Oh well. This weather does have its upsides. It is, in my mom’s words, “growthly weather”. Meaning that plants love the muggy wetness and bouts of sunshine and are falling over themselves to get bigger. Sometimes literally:
The purple basil has toppled over
And that means lots of herby loveliness to cook with. Generous handfuls of oregano in my Greek salad, piles of green and purple basil for raw tomato sauce and plenty of mint for fresh pea soup.
The craving for this soup was inspired by Nigella Lawson, as is so often true for me. In Forever Summer she talks about a cold pea soup with mint, calling it a “lovely, fresh and soothing emulsion”. Makes you hungry, doesn’t it? Going whole hog with the recipe seemed like too much of an effort for a quick after-work bowlful, especially the bit where you have to wait for the soup to be thoroughly cold. Not happening when I am on the prowl for a snack to stop my stomach from growling. I am happy to report, though, that the soup is mighty tasty even in my adapted version.

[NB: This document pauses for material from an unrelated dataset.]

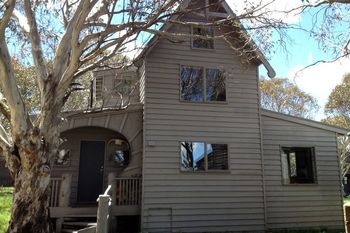 Powderhounds - Hervey Bay Accommodation 0
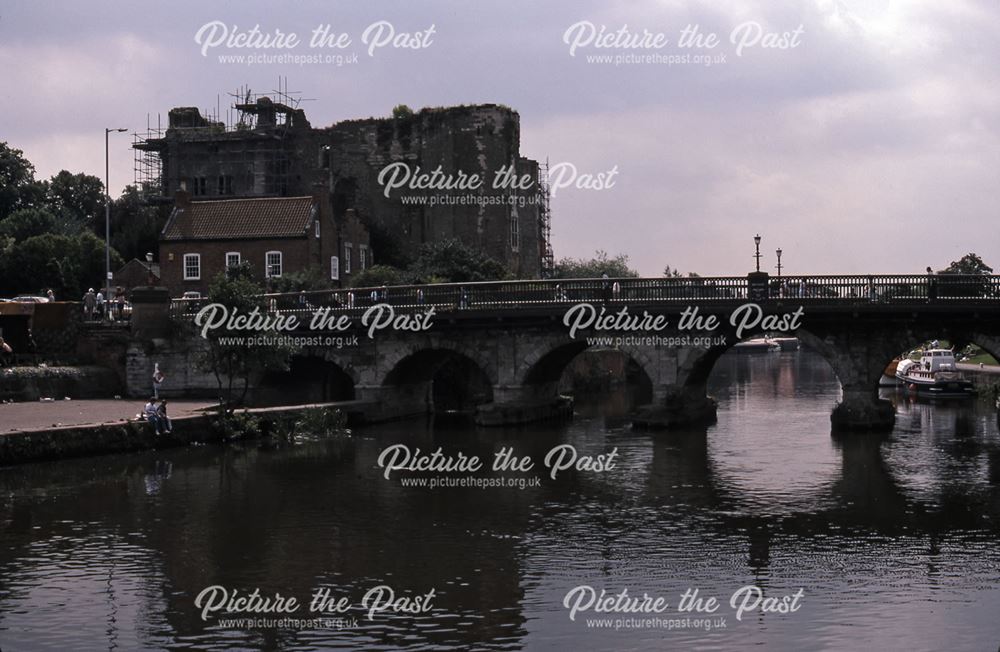 Newark Castle and Trent Bridge, River Trent, Newark, 1987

Almost as happy as the people who saw a giant yellow egg hurtling past them this morning.
Pea soup with mint and yogurt
250 gr of peas (fresh or frozen)
1 shallot, finely minced
glug of olive oil
500 ml water
generous pinch of salt
1 handful of fresh mint leaves
2 large scoops creamy yogurt
Heat the olive oil in a medium sauce pan, and add the shallot when hot. Spin the pieces around in the pan a couple of times, until they have softened a bit. Add the peas, mix with the shallot pieces and add the water. Cover the pan and bring the water to a gentle boil. Cook for about 20-25 minutes or until peas are soft. Leave to cool slightly, then add mint leaves and blitz with an immersion blender until smooth. Taste, add salt, blitz again and repeat until it has enough salt.
Transfer to two bowls and cool to as least tepid before adding a scoop of yogurt to each bowl. Serve. (This tastes even better cold, so do chill before eating if you have the patience.)